_Your task:_ Return all of the data exactly, omitting any images.
··· Material provided ···
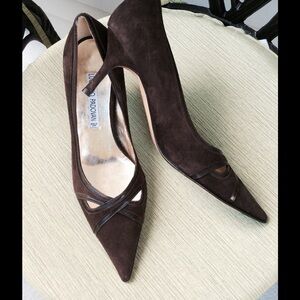 Luciano Padovan Brown Suede Pump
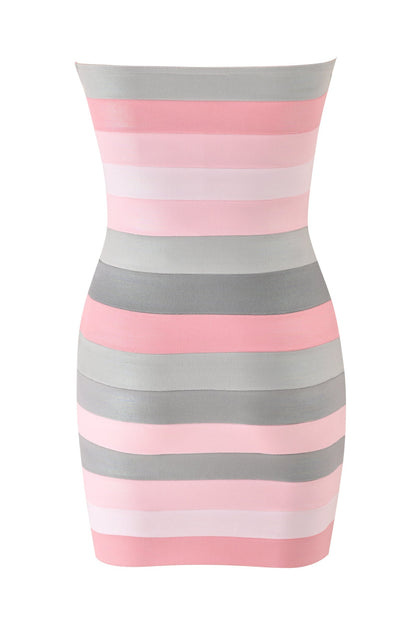 Noblessine ZUNA PLATINUM BANDAGE MINI DRESS - PINK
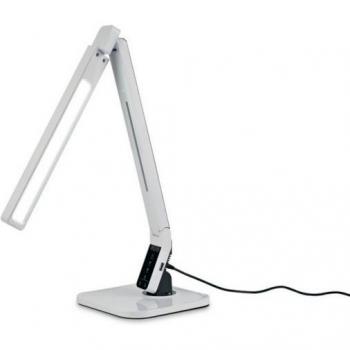 Lámpara de mesa LED Lido blanca con puerto de carga USB, 15W, 960lm, temperatura de color ajustable (3300K, 4200K, 5300K, 6200K), altura de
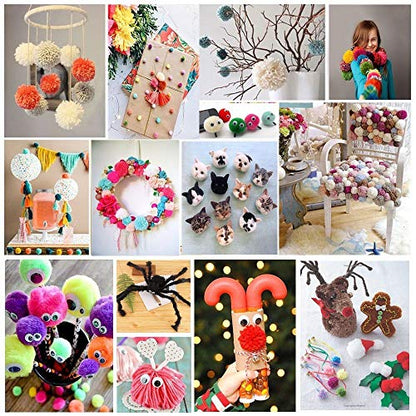 RRigo Weaving Loom Kit, 8pcs Frame Looms with 4 pom pom Maker, Knitting Wool, Round/Square Knitting Looms Craft Kit Multi Color (Instructions Included)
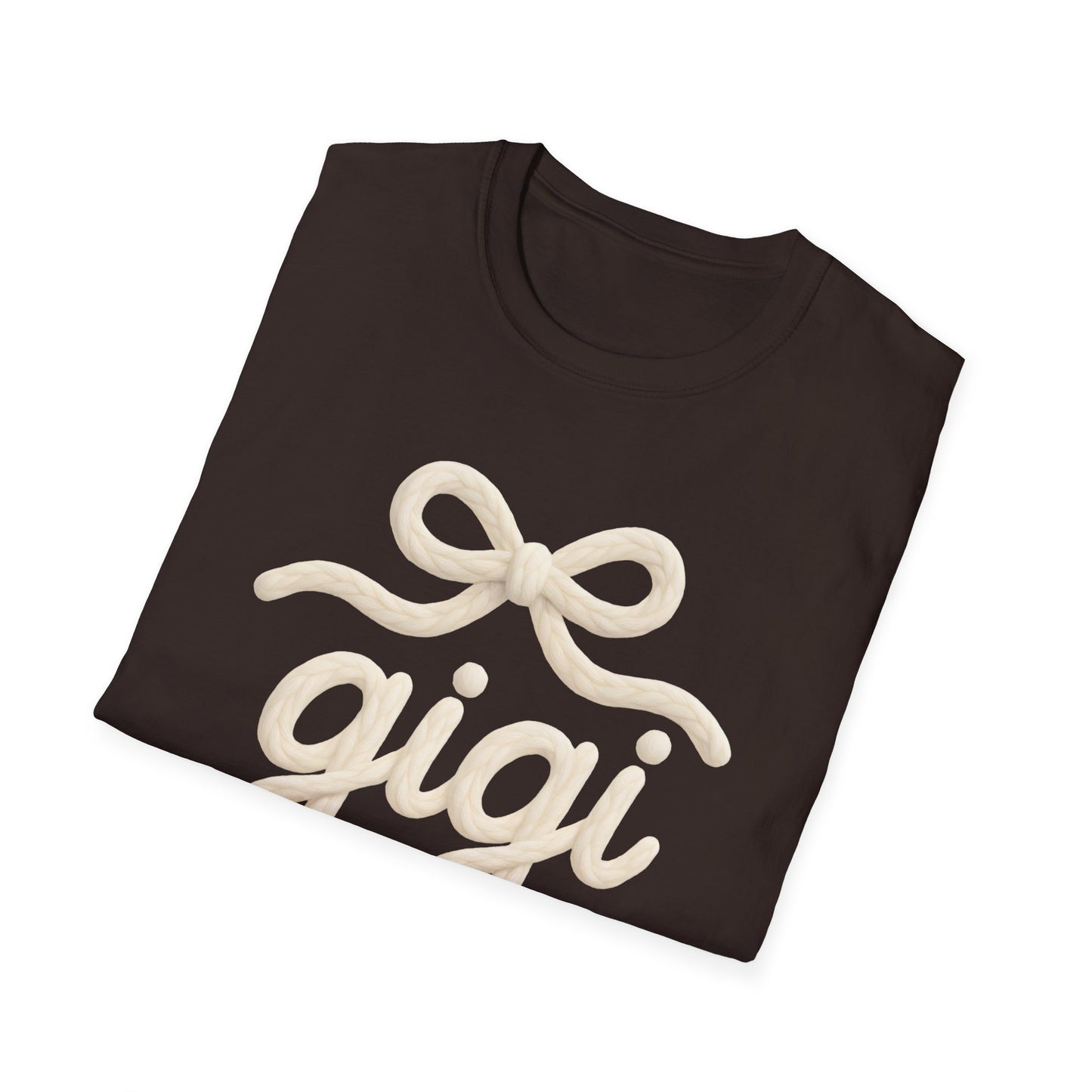 Gigi Script Bow T-Shirt — Cute Grandma Gigi Gift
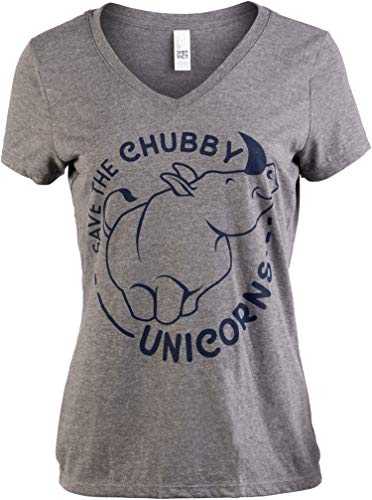Save The Chubby Unicorns | Funny Phrase Rhino Saying V-Neck T-Shirt for Women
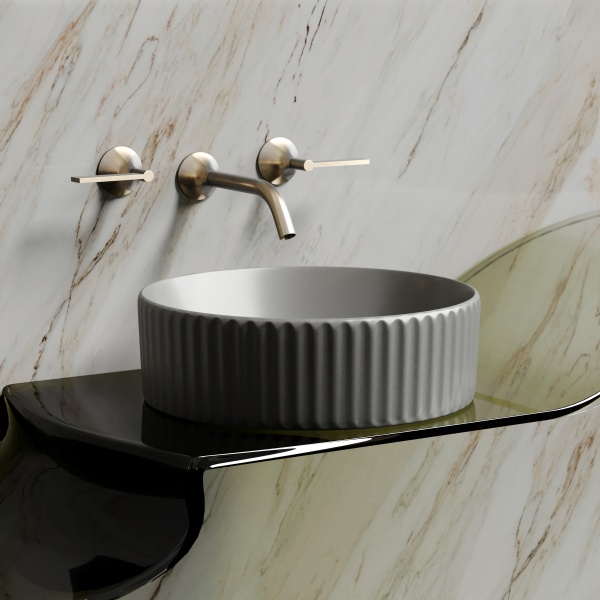 CN6057MH Умывальник чаша накладная круглая (цвет Антрацит Матовый) Element 360*360*115мм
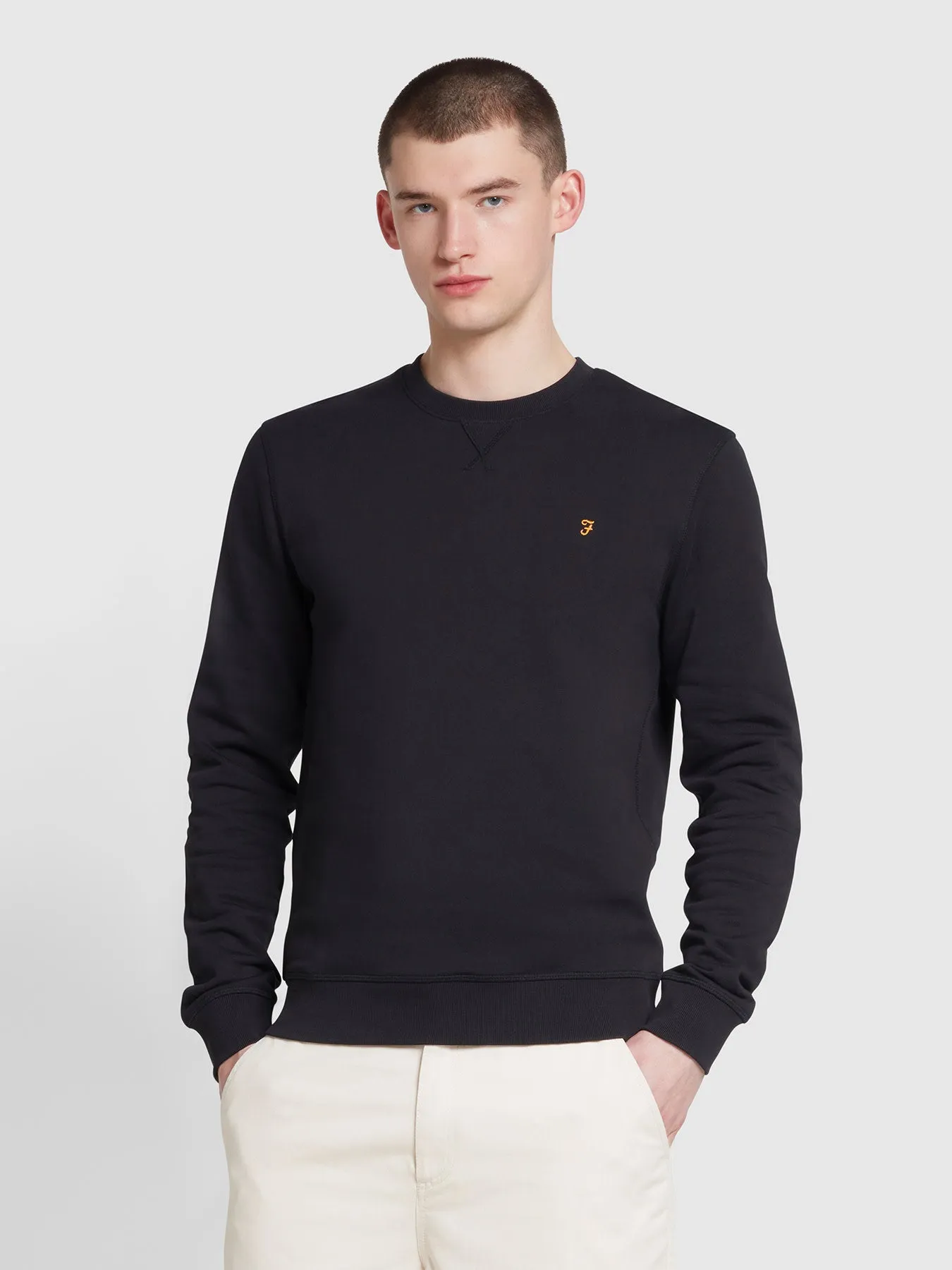 Tim Organic Cotton Crew Neck Sweatshirt In Black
···
_Completed exercise:_
 Luciano Padovan Brown Suede Pump
 Noblessine ZUNA PLATINUM BANDAGE MINI DRESS - PINK
 Lámpara de mesa LED Lido blanca con puerto de carga USB, 15W, 960lm, temperatura de color ajustable (3300K, 4200K, 5300K, 6200K), altura de
 RRigo Weaving Loom Kit, 8pcs Frame Looms with 4 pom pom Maker, Knitting Wool, Round/Square Knitting Looms Craft Kit Multi Color (Instructions Included)
 Gigi Script Bow T-Shirt — Cute Grandma Gigi Gift
Save The Chubby Unicorns | Funny Phrase Rhino Saying V-Neck T-Shirt for Women
 CN6057MH Умывальник чаша накладная круглая (цвет Антрацит Матовый) Element 360*360*115мм
 Tim Organic Cotton Crew Neck Sweatshirt In Black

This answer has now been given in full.